Re: [PATCH v3 1/6] iommu/core: split mapping to page sizes as supported by the hardware

Ohad Ben-Cohen <ohad@xxxxxxxxxx> · Sun, 2 Oct 2011 17:58:12 +0200

(sorry for the late response; we had a big holiday here and I was
forced away from my keyboard :)

On Tue, Sep 27, 2011 at 9:14 PM, Roedel, Joerg <Joerg.Roedel@xxxxxxx> wrote:
> No. I suggest a simpler and shorter algorithm using the bit helpers.

Ok, fair enough.
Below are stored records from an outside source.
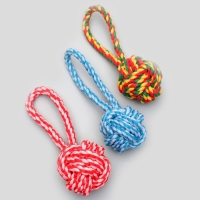 Игрушка канатная "Мяч с петлей", до 65 гр, микс цветов Игрушка канатная "Мяч с петлей", до 65 гр, микс цветов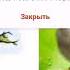 1 синф 31 дарс табиатшунослик муаллиф Хожамова Нигора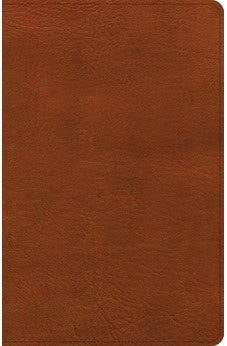 NASB Large Print Thinline Bible, Burnt Sienna LeatherTouch, Black Letter, Presentation Page, Footnotes, Full-Color Maps, Easy-to-Read Bible Karmina Type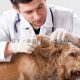 درمان کک و کنه سگ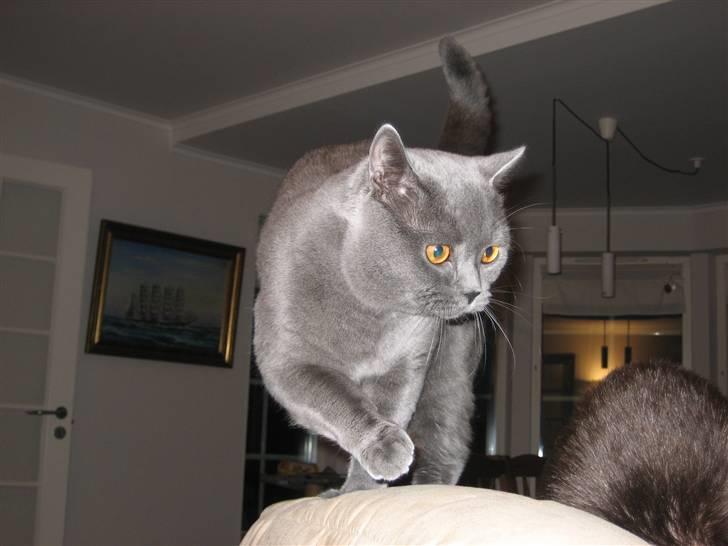 British Shorthair Emil - Mmm...ka lugte choko-is... billede 9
I've revised the patches and attached the main one
below; please tell me if it looks ok, and then I'll resubmit the
entire patch set.

The main changes I've done from your pseudo-code are:

1. removed the internal while loop, and used several bits
manipulations to replace it
2. removed the call to get_order(), and instead used the bytes order
we already have to deduct it
3. considered iova alignment requirements too
4. removed the BUG_ON()s, since we're checking for minimal
size/alignment conditions in the beginning of the map function

> And yes, overhead is important when we implement the generic dma-ops
> on-top of the iommu-api because this will make the iommu_map function a
> fast-path. So we really care about overhead here.

Don't get me wrong; I don't underestimate the importance of performance here.

I just think that as long as some code is reasonably efficient and not
badly designed (so it's not too hard to optimize later if needed),
then it's usually better to postpone optimizations until we benchmark
and know for certain that the effort in squeezing away several cpu
cycles is noticeable.

In this case, I'm not entirely convinced that it is, because every map
call anyway ends up flushing the caches, which might take hundreds of
cpu cycles. In addition, at least the ARM version of find_next_bit
doesn't look terribly bad.

YMMV though: I didn't find an optimized assembly implementation of
find_next_bit for x86, and the generic one does look complex. In
addition, the variable page size behavior of the x86 iommu drivers may
have caused much more iterations than any of the ARM drivers would
have had, so the penalty of running that generic find_next_bit
repeatedly could have accumulated into something noticeable.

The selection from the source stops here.